_About this task_.
Repeat the lines below exactly as written, please, from the line with "The next objective" to the line with "Welcome to Camp", both lines included, and no others.

_Task inputs_.
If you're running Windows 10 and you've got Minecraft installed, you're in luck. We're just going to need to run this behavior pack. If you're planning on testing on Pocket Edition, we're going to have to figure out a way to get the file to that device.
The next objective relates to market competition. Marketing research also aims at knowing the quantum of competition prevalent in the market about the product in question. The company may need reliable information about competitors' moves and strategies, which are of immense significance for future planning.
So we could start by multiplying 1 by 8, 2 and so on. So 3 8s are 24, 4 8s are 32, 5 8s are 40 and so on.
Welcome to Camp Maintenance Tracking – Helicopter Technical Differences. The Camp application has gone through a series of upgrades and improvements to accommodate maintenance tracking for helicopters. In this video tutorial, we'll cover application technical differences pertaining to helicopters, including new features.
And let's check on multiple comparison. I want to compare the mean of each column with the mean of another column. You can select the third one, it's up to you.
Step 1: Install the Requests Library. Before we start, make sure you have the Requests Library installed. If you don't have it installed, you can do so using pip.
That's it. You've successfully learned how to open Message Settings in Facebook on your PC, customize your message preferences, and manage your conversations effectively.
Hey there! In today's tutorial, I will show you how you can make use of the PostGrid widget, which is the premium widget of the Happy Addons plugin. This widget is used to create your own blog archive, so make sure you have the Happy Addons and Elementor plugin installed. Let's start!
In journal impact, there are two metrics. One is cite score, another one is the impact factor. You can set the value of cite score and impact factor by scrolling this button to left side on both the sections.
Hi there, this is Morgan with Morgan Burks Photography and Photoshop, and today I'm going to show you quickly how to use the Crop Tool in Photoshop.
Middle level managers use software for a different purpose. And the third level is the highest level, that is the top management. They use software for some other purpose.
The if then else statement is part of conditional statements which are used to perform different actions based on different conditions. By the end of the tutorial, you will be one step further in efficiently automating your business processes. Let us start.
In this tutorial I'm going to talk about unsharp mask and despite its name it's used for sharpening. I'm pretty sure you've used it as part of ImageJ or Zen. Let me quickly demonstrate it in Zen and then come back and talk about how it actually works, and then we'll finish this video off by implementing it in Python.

_Response to this task_.
The next objective relates to market competition. Marketing research also aims at knowing the quantum of competition prevalent in the market about the product in question. The company may need reliable information about competitors' moves and strategies, which are of immense significance for future planning.
So we could start by multiplying 1 by 8, 2 and so on. So 3 8s are 24, 4 8s are 32, 5 8s are 40 and so on.
Welcome to Camp Maintenance Tracking – Helicopter Technical Differences. The Camp application has gone through a series of upgrades and improvements to accommodate maintenance tracking for helicopters. In this video tutorial, we'll cover application technical differences pertaining to helicopters, including new features.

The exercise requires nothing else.